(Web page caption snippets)
----

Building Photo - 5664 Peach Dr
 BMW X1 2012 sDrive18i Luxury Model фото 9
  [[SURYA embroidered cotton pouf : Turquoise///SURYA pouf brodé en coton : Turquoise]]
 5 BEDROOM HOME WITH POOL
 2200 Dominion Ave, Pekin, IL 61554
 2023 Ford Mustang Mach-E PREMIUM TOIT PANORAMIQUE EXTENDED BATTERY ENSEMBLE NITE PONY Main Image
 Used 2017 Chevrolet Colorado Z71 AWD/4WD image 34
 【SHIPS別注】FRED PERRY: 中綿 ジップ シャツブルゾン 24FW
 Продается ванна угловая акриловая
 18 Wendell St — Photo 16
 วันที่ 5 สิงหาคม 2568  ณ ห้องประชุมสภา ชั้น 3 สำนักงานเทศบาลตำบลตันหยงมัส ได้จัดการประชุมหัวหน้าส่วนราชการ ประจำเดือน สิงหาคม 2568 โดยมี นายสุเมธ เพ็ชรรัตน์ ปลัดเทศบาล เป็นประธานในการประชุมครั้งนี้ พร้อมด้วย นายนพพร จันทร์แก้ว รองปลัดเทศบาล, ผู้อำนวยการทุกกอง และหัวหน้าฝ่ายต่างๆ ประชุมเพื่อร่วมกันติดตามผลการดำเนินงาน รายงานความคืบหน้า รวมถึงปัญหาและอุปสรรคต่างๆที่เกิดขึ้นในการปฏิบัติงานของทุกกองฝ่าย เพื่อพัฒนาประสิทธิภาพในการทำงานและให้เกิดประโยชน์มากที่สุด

----

Would you copy every line of the entries that includes the word "Photo"?

Building Photo - 5664 Peach Dr
 18 Wendell St — Photo 16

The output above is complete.